Bild: Tatiana Kurda, Fotografen-Welt
08.09.2020

Beim Deutschen Verein des Gas- und Wasserfaches (DVGW) ist man sich sicher: Wasserstoff ist das Zukunfts-Thema Nummer Eins im Energiesektor. Was jetzt noch fehlt, ist die Verankerung im Energiewirtschaftsgesetz (EnWG). Dabei sollten ideologiefrei alle Formen genutzt werden und damit neben grünem auch blauer und türkiser Wasserstoff.

Prof. Dr. Gerald Linke ist mit diesem Beitrag im Energy 4.0-Kompendium 2020 als einer von 50 Machern der Energiebranche vertreten. Alle Beiträge des Energy 4.0-Kompendiums finden Sie in unserer Rubrik Menschen.

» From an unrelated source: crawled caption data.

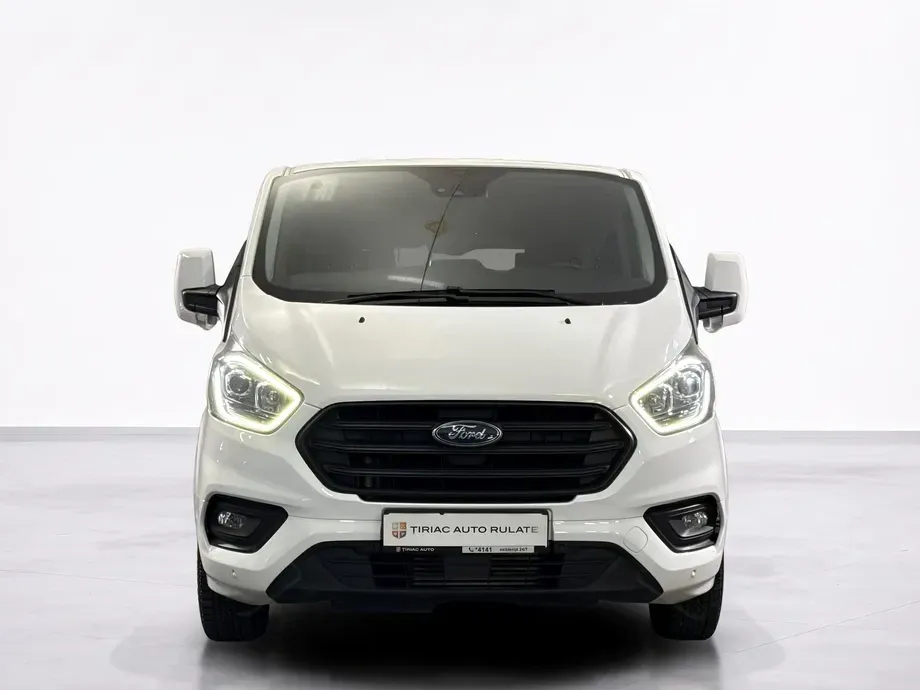 Ford Tourneo — imagine 8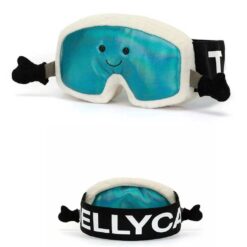 Jellycat Amuseables Sports Ski Goggles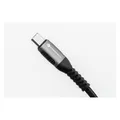 Forcell Cable F-ENERGY C263 cable Type C to Type C QC4.0 PD 5A 240W Cafule 0,5 m black (0.50 m, 240 W) (59944297)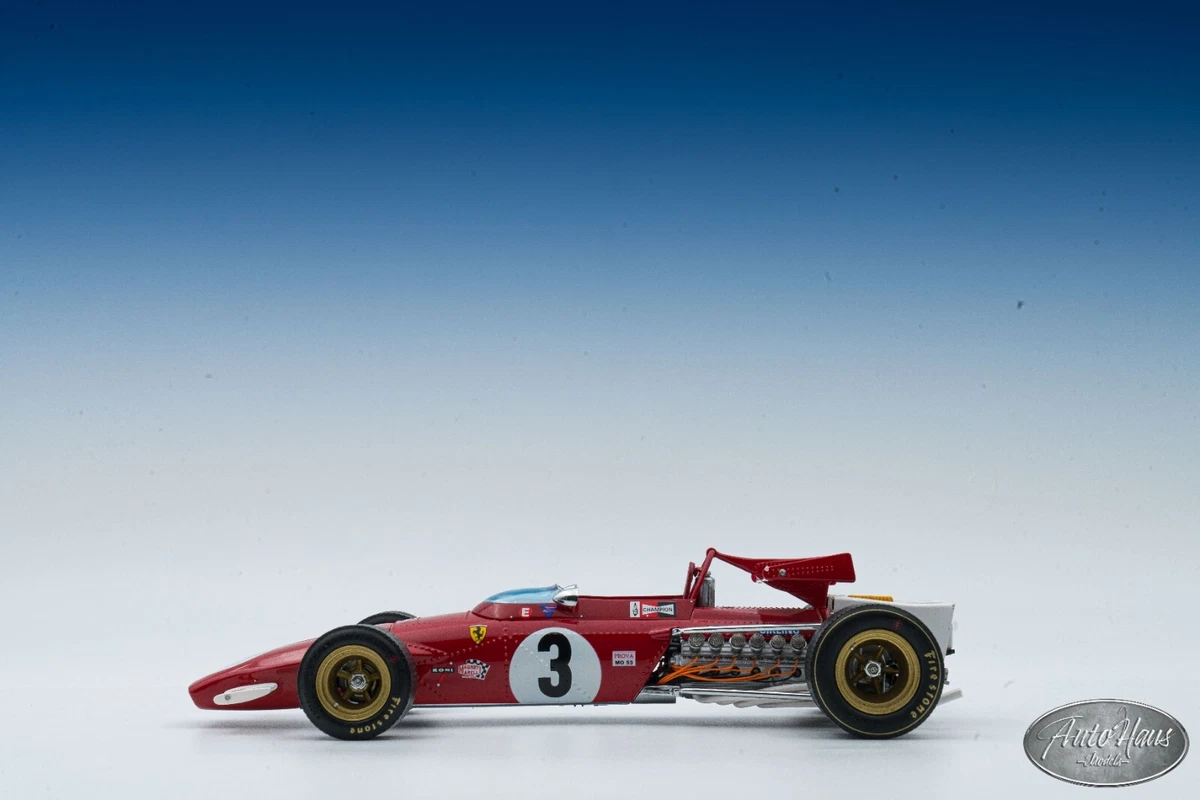 Exoto Ferrari Diecast & Toy Vehicles 1:18 for sale | eBay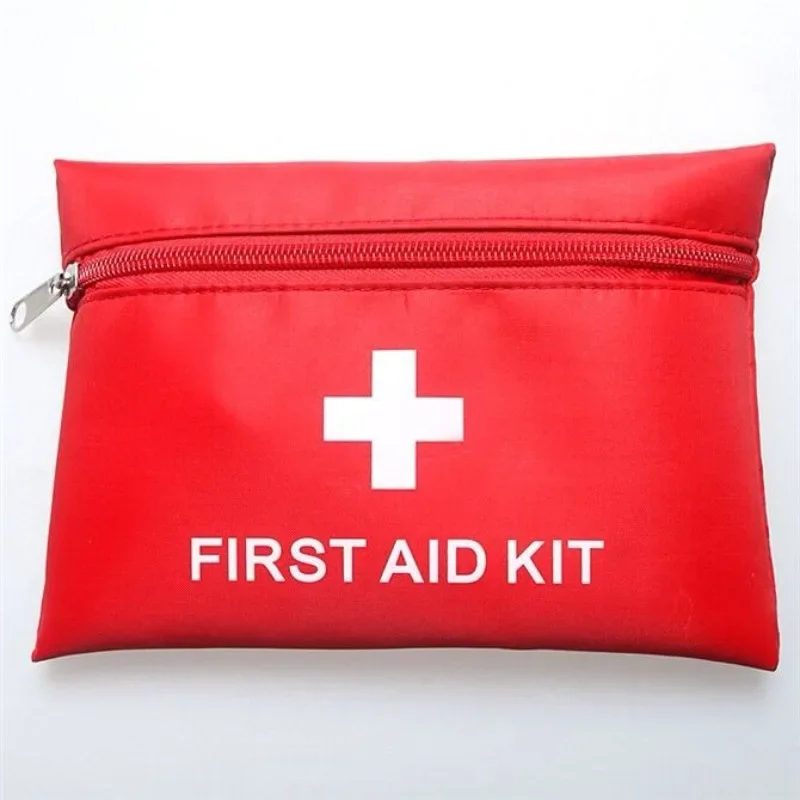 1PC Convenient Practical Medical Storage Bags Multipurpose Waterproof First Aid Supplies Organizer Pack Outdoor Emergency Kits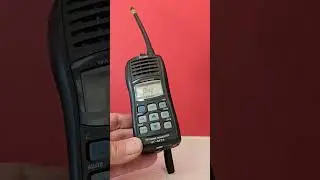 OSC - Best Practice - iCom VHF Radio Speaker / Microphone Clearing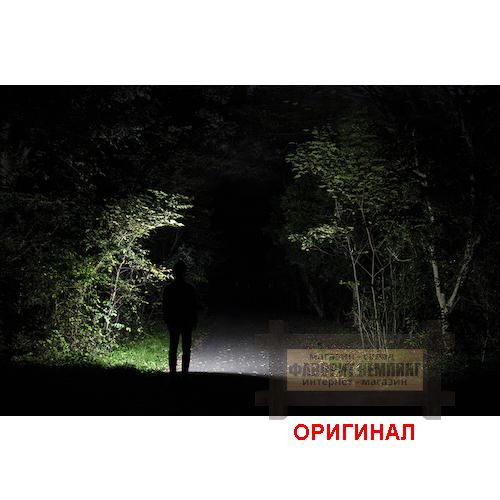 Японский светодиодный налобный фонарь Gentos cb-643d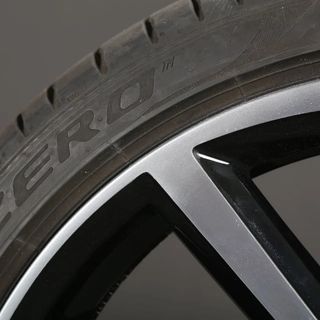 Llantas 19” VW Golf GTI R Spielberg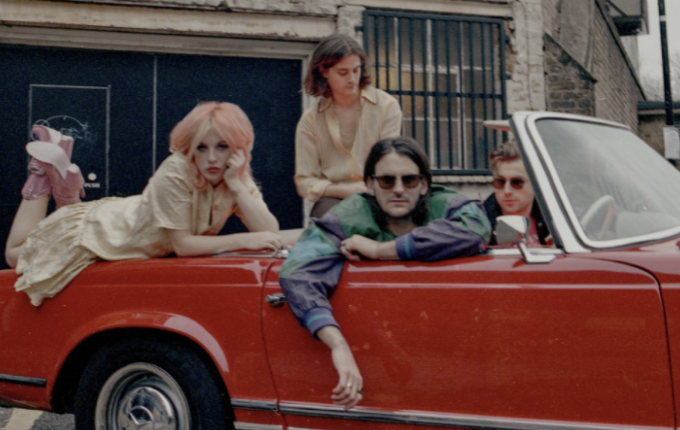 Black Honey return with ‘Beaches’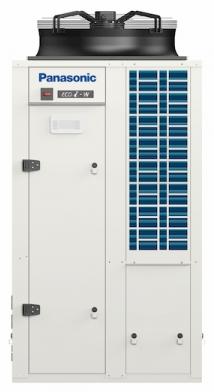 Panasonic ECOi-W chiller 20kW – 210kW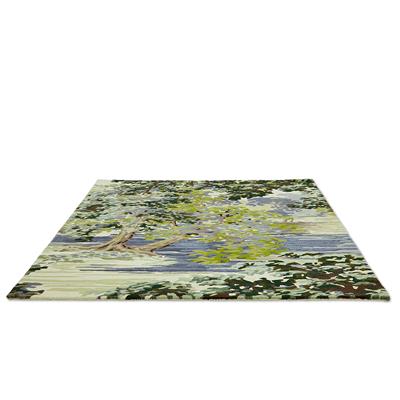 SA-46708 : Tapis en laine tuftée
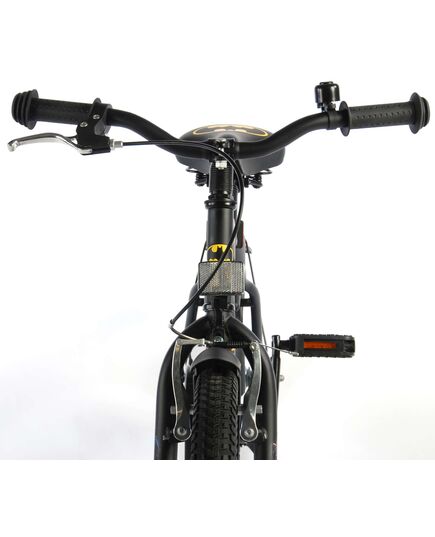 Batman Kinderfiets - Jongens - 18 inch - Zwart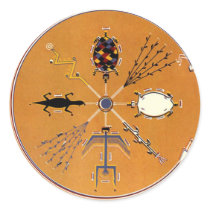 Sand Painting stickers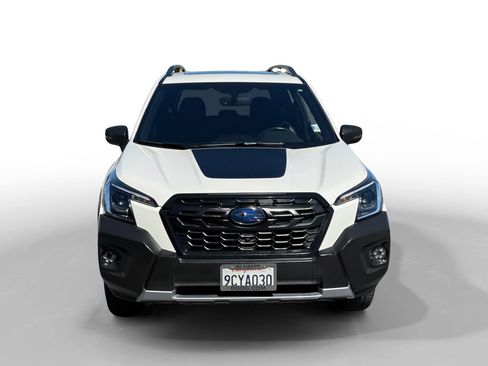 Used 2022 Subaru Forester Wilderness AWD/4WD image 8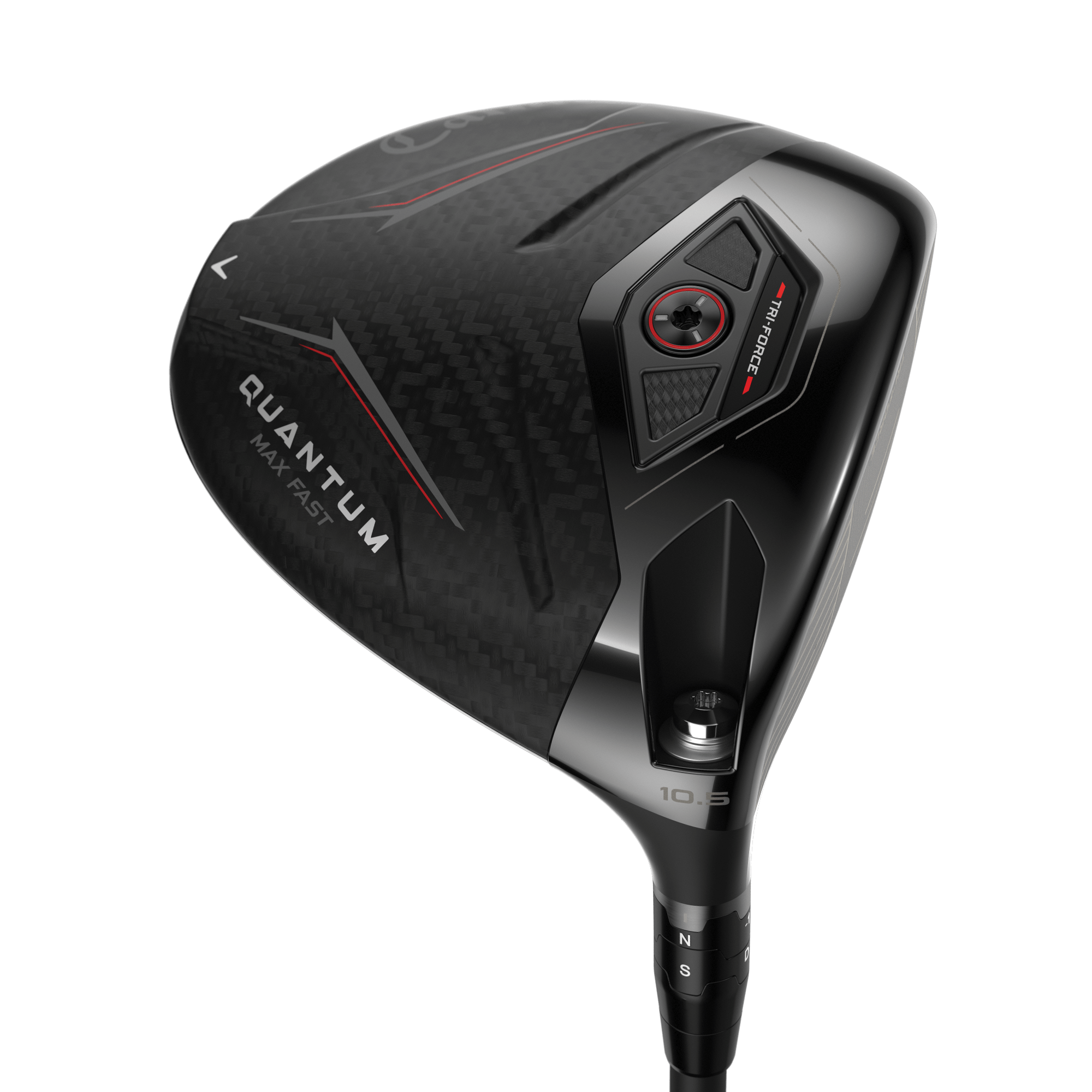 Quantum Max Fast Driver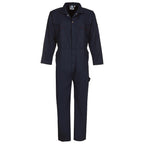 Zip Front Coverall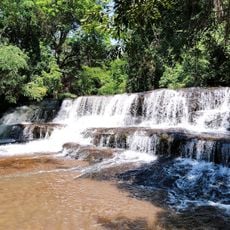 Cachoeira de Marialva ou Ribeirão Alegre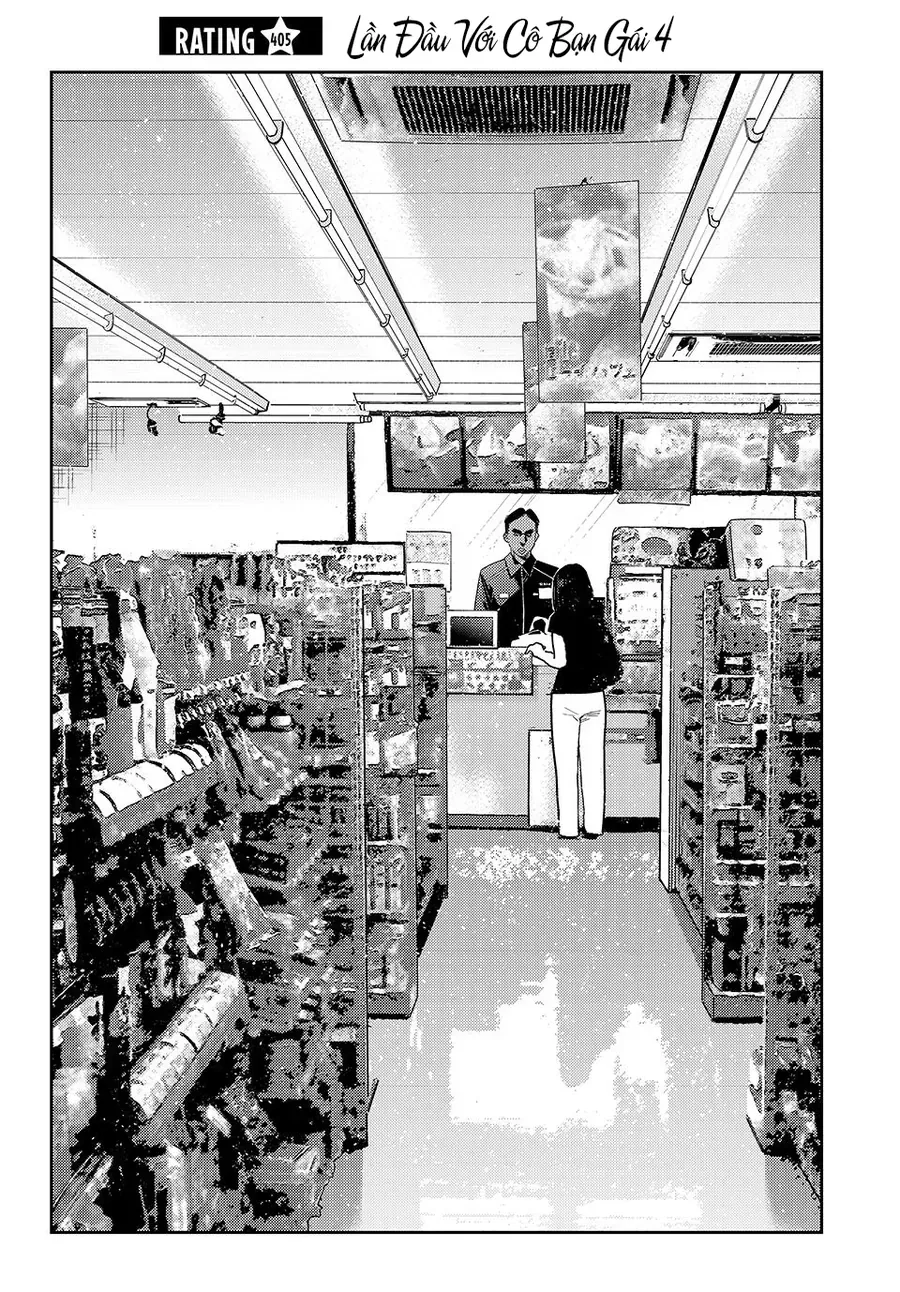 Dịch Vụ Thuê Bạn Gái Chap 405 - Next Chap 406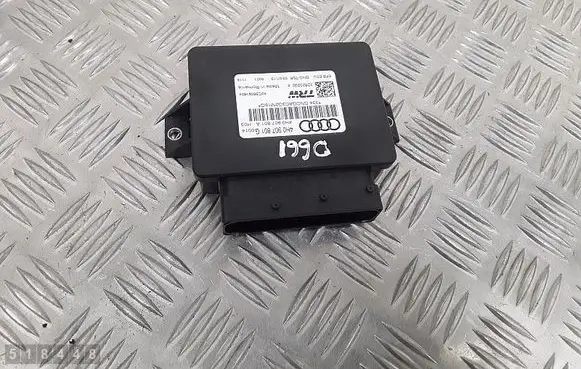 Audi A7 S7 4G Hand brake control module 4h0907801g
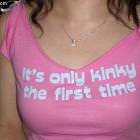The First Time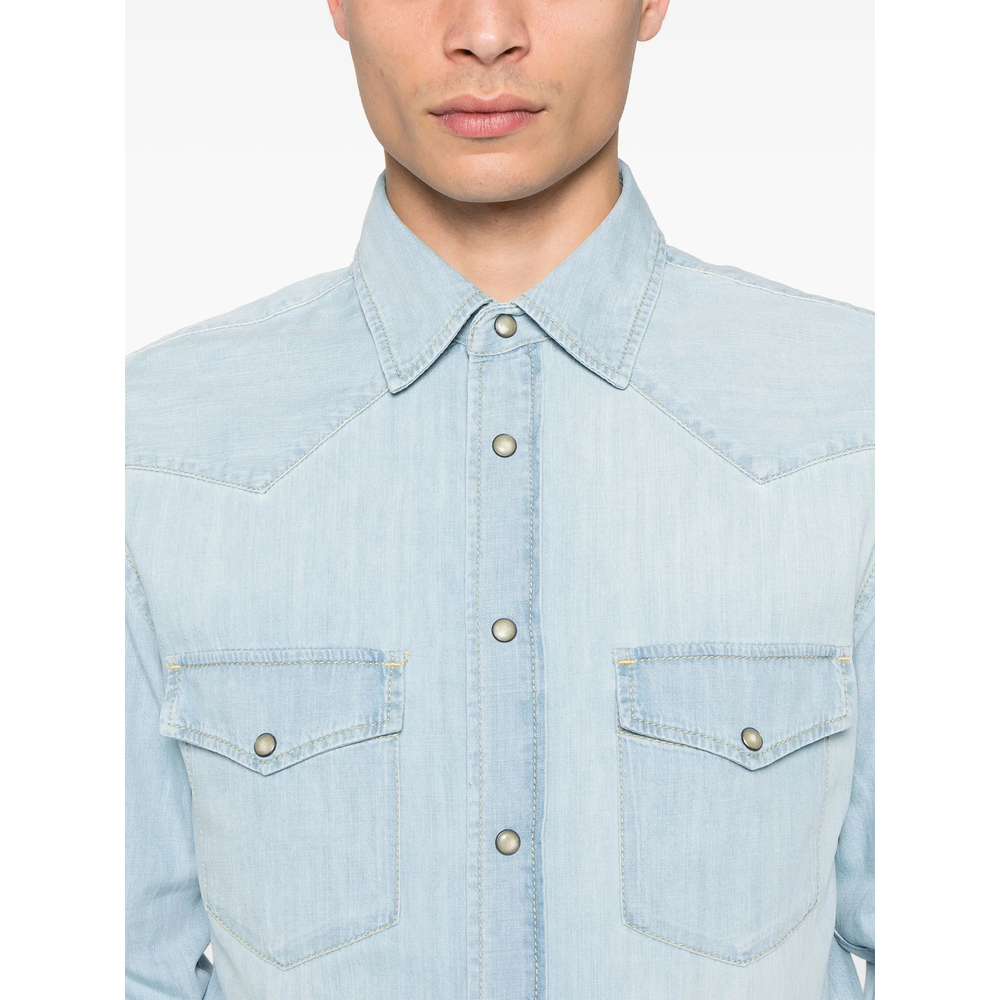 Shirt Jacob Cohën C0002T9734300D (JACOB COHEN / シャツ・ブラウス ) | JACOB COHEN (ヤコブ コーエン)(3)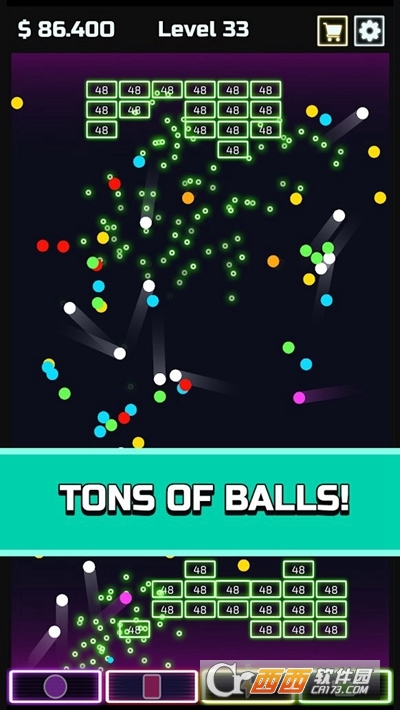 空闲砖破碎机无限钻石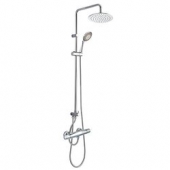 MOEN 摩恩 58331+2293EC+M22033 恒温花洒套装  1398元包邮（1498-100）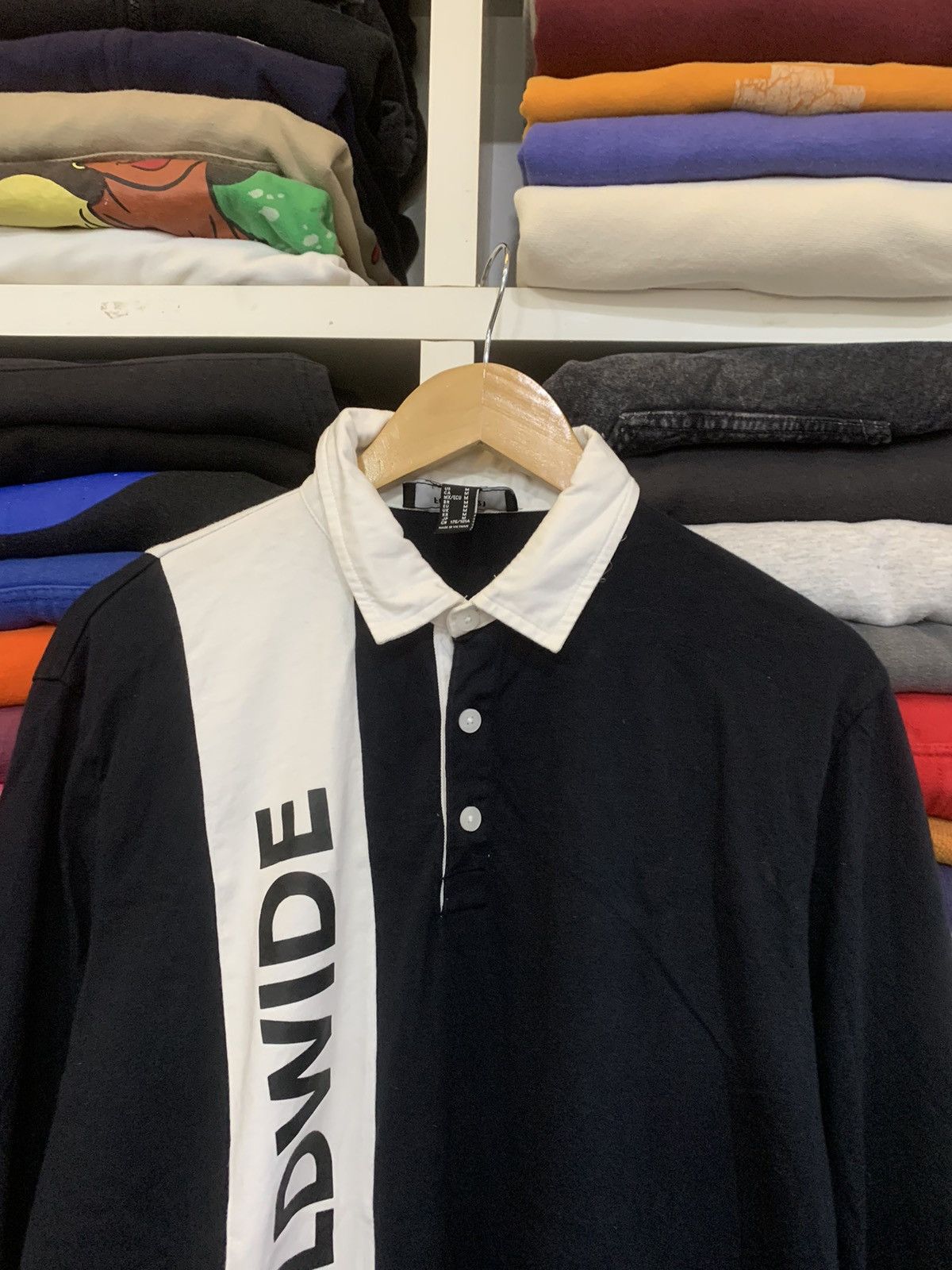Forever 21 Forever 21 Polo Long Sleeve Size US M / EU 48-50 / 2 - 5 Thumbnail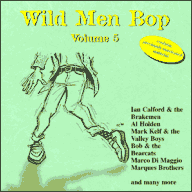 Wild Men Bop - MCG20074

Die Zahlen sind überzeugend: Grüne Gase in allen Sektoren können dazu beitragen, alleine in Deutschland mehr als 80 Millionen Tonnen CO2 pro Jahr einzusparen. Mit einem inländischen Erzeugungspotenzial von bis zu 414 TWh sind klimaneutrale Gase in der Lage in allen Sektoren dazu beizutragen, „die Klimaschutzziele schnell, sicher und kosteneffizient zu erreichen“, ist sich Prof. Gerald Linke, Vorstandsvorsitzender des DVGW, sicher. Diese Menge entspricht knapp der Hälfte des aktuellen Gasbedarfs in Deutschland, der heute zu über 90 Prozent importiert wird.

Wenig erfreut ist Linke über den politischen Rückenwind. Nach wie vor hindern regulatorische Schranken den Markt daran, dass sich erneuerbare Gase und komplementäre Technologien umfassend etablieren. Für Linke ist die Stoßrichtung klar: „Die politische Verankerung eines Ziels für grüne Gase im Energiesystem entsprechend der erneuerbaren Energien beim Strom ist unabdingbar.“ Nur dann habe man Planbarkeit und wirtschaftliche Anreize für die Energieversorger.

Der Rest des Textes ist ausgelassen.